Sometimes a single flag and sometimes a bitset of:

  • HA_CLONE_BLOCKING, HA_CLONE_REDO, HA_CLONE_PAGE, HA_CLONE_HYBRID: Supposed to indicate, in an InnoDB-centric way, how much the clone operation can block in a storage engine. Only one of these is supposed to be set. In practice as of 8.0.28 HA_CLONE_REDO, HA_CLONE_PAGE are unused, and the clone type is always set to HA_CLONE_HYBRID on the donor and HA_CLONE_BLOCKING on the client.
  • HA_CLONE_MULTI_TASK: Supposed to indicate that the storage engine can clone using multiple concurrent threads. In practice as of 8.0.28 the code assumes it is always set and ignores it otherwise.
  • HA_CLONE_RESTART: Supposed to indicate that the storage engine supports remote clone resume after a network error. In practice as of 8.0.28 the code assumes it is always set and ignores it otherwise.

enum Ha_clone_mode

For both donor and client, indicates the type of the operation being started. One of:

  • HA_CLONE_MODE_START: Start a new clone session.
  • HA_CLONE_MODE_RESTART: Restart an existing clone session after a recoverable error (i.e. an intermittent network failure)
  • HA_CLONE_MODE_ADD_TASK: A new thread has been started for the ongoing clone session and is joining it.
  • HA_CLONE_MODE_VERSION: Used only on the client, instructs the client to prepare a version locator that is used for clone version negotiation with the donor.

Clone_interface_t

A storage engine wishing to support clone must implement the handlerton API defined in Clone_interface_t struct.
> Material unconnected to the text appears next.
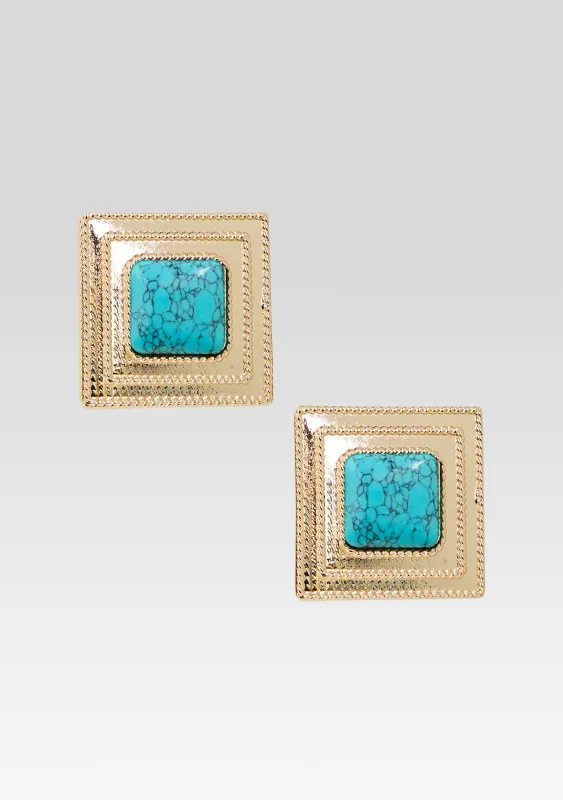 Umbriana Turquoise Earrings sold by Retrofete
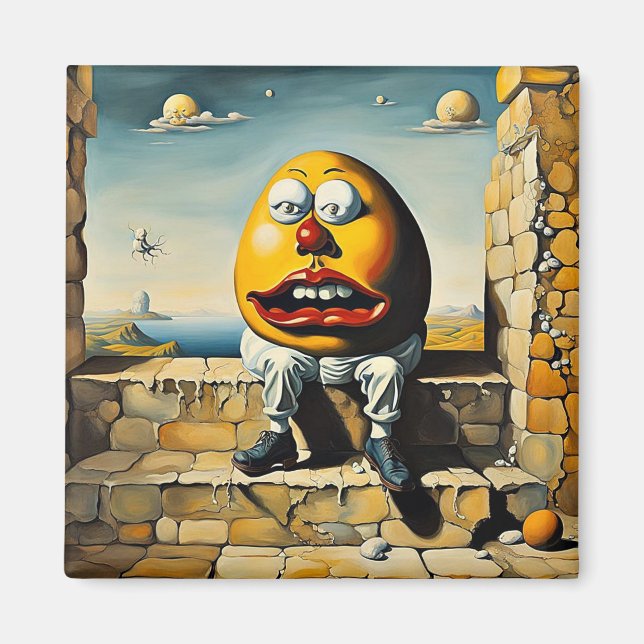 Humpty Dumpty sits on a wall Magnet (Front)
Here we discuss Oracle MySQL API, without the MyRocks clone extensions. TODO: link to them

Donor & Client

  • using Clone_capability_t = void (*)(Ha_clone_flagset &flags): return the bitset of clone capabilities this storage engine supports. As of 8.0.28, all SEs must support everything. Failing to provide a capability will assert in a debug build and will be ignored otherwise.

Donor

  • using Clone_begin_t = int (*)(handlerton *hton, THD *thd, const uchar *&loc, uint &loc_len, uint &task_id, Ha_clone_type type, Ha_clone_mode mode): start, or resume, or attach to, the clone session.
  • using Clone_copy_t = int (*)(handlerton *hton, THD *thd, const uchar *loc, uint loc_len, uint task_id, Ha_clone_cbk *cbk): send the clone data through the provided callbacks.
  • using Clone_ack_t = int (*)(handlerton *hton, THD *thd, const uchar *loc, uint loc_len, uint task_id, int in_err, Ha_clone_cbk *cbk): acknowledge three types of events coming from clients: 1) completed client side application for a particular clone stage and move to the next one; 2) successful application of memory buffer data (as opposed to file data); 3) clone application errors.
  • using Clone_end_t = int (*)(handlerton *hton, THD *thd, const uchar *loc, uint loc_len, uint task_id, int in_err): finish the clone session. If the session had multiple threads attached, it is called for each one.

Client

  • using Clone_apply_begin_t = int (*)(handlerton *hton, THD *thd, const uchar *&loc, uint &loc_len, uint &task_id, Ha_clone_mode mode, const char *data_dir): start the clone session, or attach to a clone session, or get the version negotiation locator.
  • using Clone_apply_t = int (*)(handlerton *hton, THD *thd, const uchar *loc, uint loc_len, uint task_id, int in_err, Ha_clone_cbk *cbk): apply the next received chunk of data from the donor.
  • using Clone_apply_end_t = int (*)(handlerton *hton, THD *thd, const uchar *loc, uint loc_len, uint task_id, int in_err): finish the clone session. If the session had multiple threads attached, it is called for each one.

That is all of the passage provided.